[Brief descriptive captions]
● ● ● ● ● ● ●

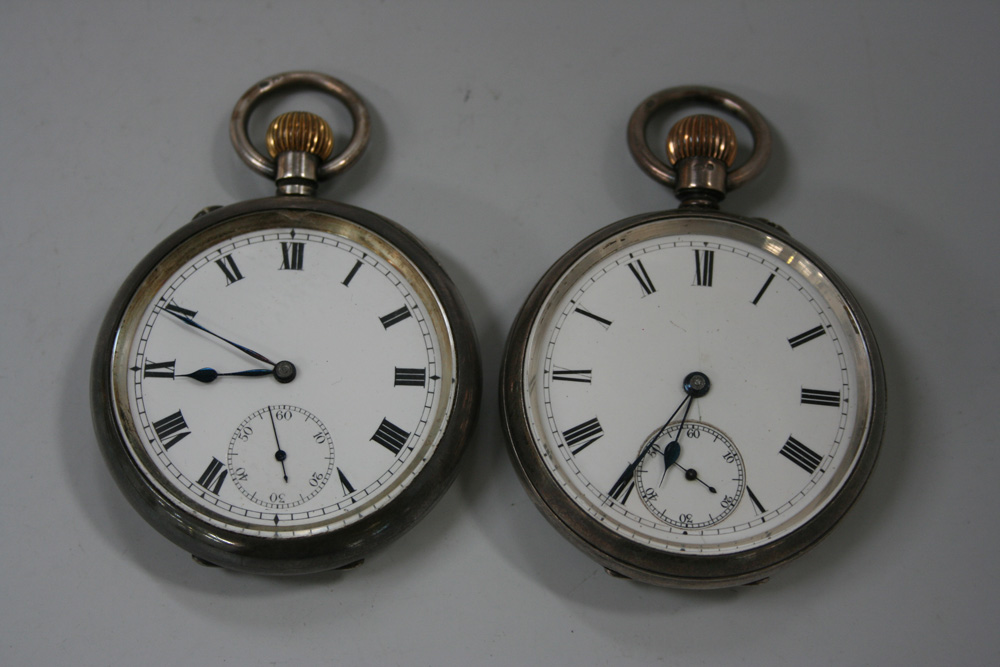 A silver cased keyless wind open-faced gentleman`s pocket watch, the gilt jewelled Swiss lever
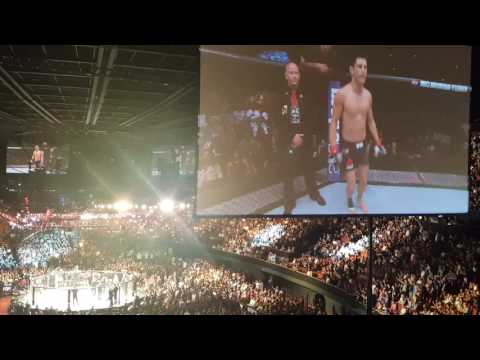 Ufc199 Cruz walk intro(2)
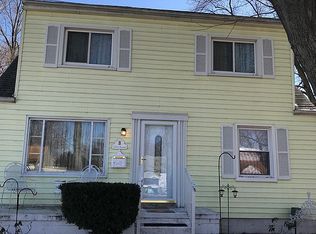 33923 Harroun St, Wayne, MI 48184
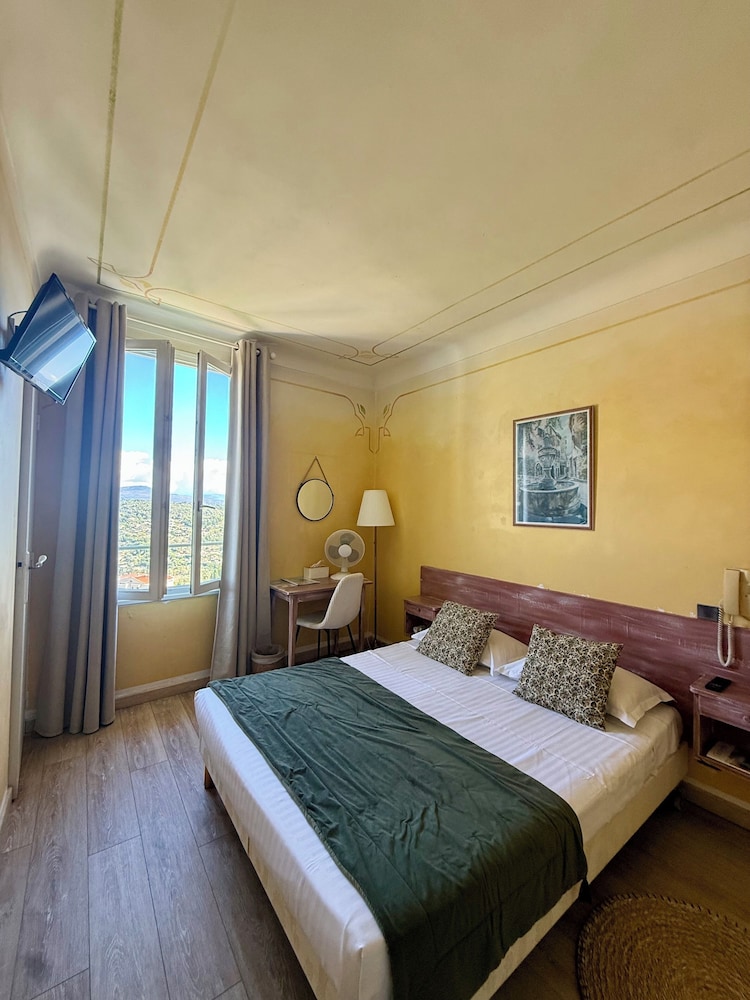 Hotel Miramar 20/69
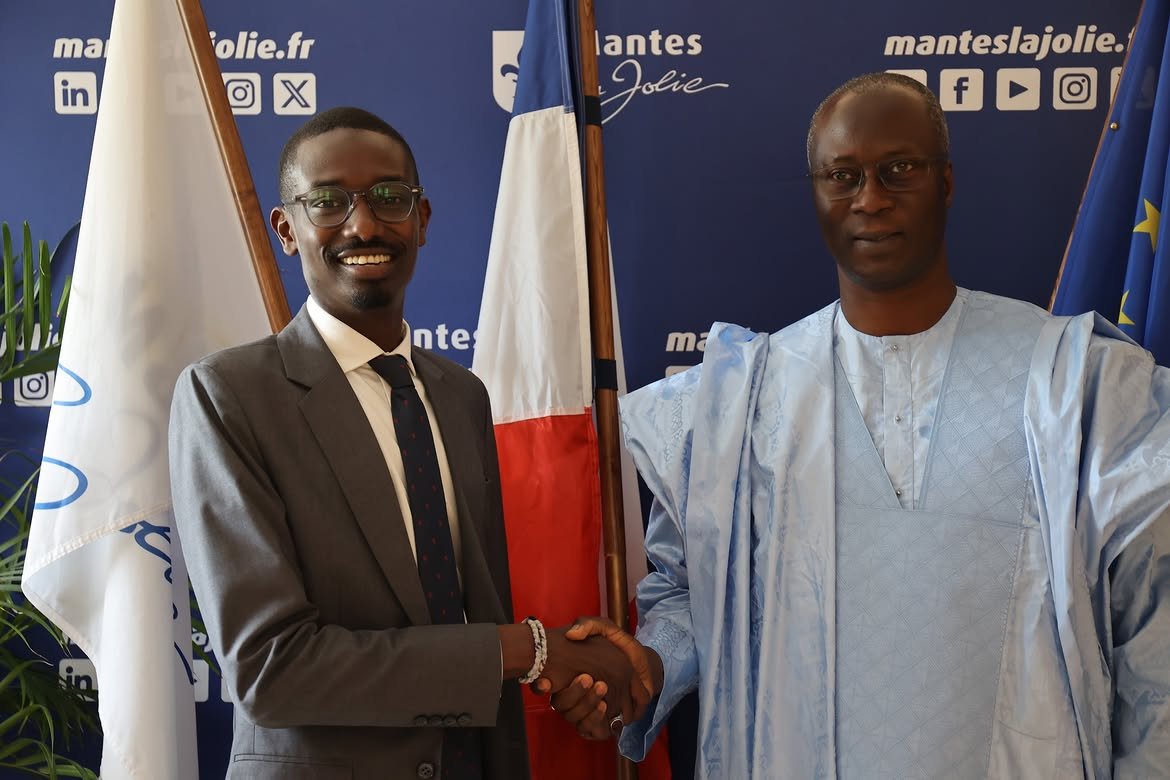 RafaelSereti's tweet photo. Compte officiel de la Ville de Mantes-la-Jolie (78).
Photos avec l’ambassadeur du Sénégal.
Maire d’origine sénégalaise.
Communauté sénégalaise importante.
Communication 100 % tournée vers l’Afrique.
On dirait plus un compte de la diaspora qu’un compte de mairie française.👇 https://t.co/J6FpRyKOEd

● ● ● ● ● ● ●

_What to do:_ Please, without any pictures, print each entry exactly.

_Solution for this exercise:_
 A silver cased keyless wind open-faced gentleman`s pocket watch, the gilt jewelled Swiss lever
 Ufc199 Cruz walk intro(2)
 33923 Harroun St, Wayne, MI 48184
 Hotel Miramar 20/69
 RafaelSereti's tweet photo. Compte officiel de la Ville de Mantes-la-Jolie (78).
Photos avec l’ambassadeur du Sénégal.
Maire d’origine sénégalaise.
Communauté sénégalaise importante.
Communication 100 % tournée vers l’Afrique.
On dirait plus un compte de la diaspora qu’un compte de mairie française.👇 https://t.co/J6FpRyKOEd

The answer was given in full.